Task instructions
Nothing should be omitted: restate the full listing word for word.

──────── Material provided ────────

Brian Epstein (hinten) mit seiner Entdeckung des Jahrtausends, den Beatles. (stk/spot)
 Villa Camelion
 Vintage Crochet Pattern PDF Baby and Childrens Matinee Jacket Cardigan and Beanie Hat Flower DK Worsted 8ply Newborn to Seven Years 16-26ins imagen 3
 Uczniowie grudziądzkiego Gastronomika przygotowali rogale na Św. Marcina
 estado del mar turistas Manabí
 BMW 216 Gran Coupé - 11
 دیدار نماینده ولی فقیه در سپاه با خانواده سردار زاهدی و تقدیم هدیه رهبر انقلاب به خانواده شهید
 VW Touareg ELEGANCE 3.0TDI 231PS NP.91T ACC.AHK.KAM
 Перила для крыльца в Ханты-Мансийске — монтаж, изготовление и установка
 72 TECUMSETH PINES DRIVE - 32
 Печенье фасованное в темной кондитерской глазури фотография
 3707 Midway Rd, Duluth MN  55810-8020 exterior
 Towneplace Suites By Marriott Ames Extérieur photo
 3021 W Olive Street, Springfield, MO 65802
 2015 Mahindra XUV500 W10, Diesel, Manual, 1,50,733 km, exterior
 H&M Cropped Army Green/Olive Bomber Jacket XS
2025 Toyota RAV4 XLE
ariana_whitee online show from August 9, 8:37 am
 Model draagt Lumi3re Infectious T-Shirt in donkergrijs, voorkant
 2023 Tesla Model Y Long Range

────────

Written reply
Brian Epstein (hinten) mit seiner Entdeckung des Jahrtausends, den Beatles. (stk/spot)
 Villa Camelion
 Vintage Crochet Pattern PDF Baby and Childrens Matinee Jacket Cardigan and Beanie Hat Flower DK Worsted 8ply Newborn to Seven Years 16-26ins imagen 3
 Uczniowie grudziądzkiego Gastronomika przygotowali rogale na Św. Marcina
 estado del mar turistas Manabí
 BMW 216 Gran Coupé - 11
 دیدار نماینده ولی فقیه در سپاه با خانواده سردار زاهدی و تقدیم هدیه رهبر انقلاب به خانواده شهید
 VW Touareg ELEGANCE 3.0TDI 231PS NP.91T ACC.AHK.KAM
 Перила для крыльца в Ханты-Мансийске — монтаж, изготовление и установка
 72 TECUMSETH PINES DRIVE - 32
 Печенье фасованное в темной кондитерской глазури фотография
 3707 Midway Rd, Duluth MN  55810-8020 exterior
 Towneplace Suites By Marriott Ames Extérieur photo
 3021 W Olive Street, Springfield, MO 65802
 2015 Mahindra XUV500 W10, Diesel, Manual, 1,50,733 km, exterior
 H&M Cropped Army Green/Olive Bomber Jacket XS
2025 Toyota RAV4 XLE
ariana_whitee online show from August 9, 8:37 am
 Model draagt Lumi3re Infectious T-Shirt in donkergrijs, voorkant
 2023 Tesla Model Y Long Range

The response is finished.